** Work item **
Your response should contain exactly the lines running from the one with "Nooelec Iridium Patch" to the end of the data below, both included, and no pictures.

** Recorded data **

=== Section Start ===

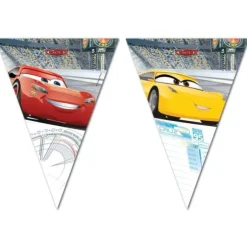 Guirlande de Fanions - Cars 3 - Disney Pixar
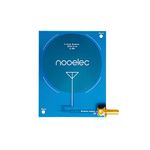 Nooelec Iridium Patch Antenna - High Gain (3dBi) 1620MHz PCB Antenna with SMA Connector for Iridium and Other L-Band Applications. 1.62GHz Center Frequency and 80MHz+ Bandwidth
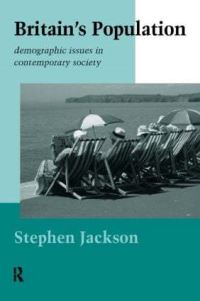 Book Cover for Britain's Population by Stephen Jackson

=== Section End ===

** Exercise output **
 Nooelec Iridium Patch Antenna - High Gain (3dBi) 1620MHz PCB Antenna with SMA Connector for Iridium and Other L-Band Applications. 1.62GHz Center Frequency and 80MHz+ Bandwidth
 Book Cover for Britain's Population by Stephen Jackson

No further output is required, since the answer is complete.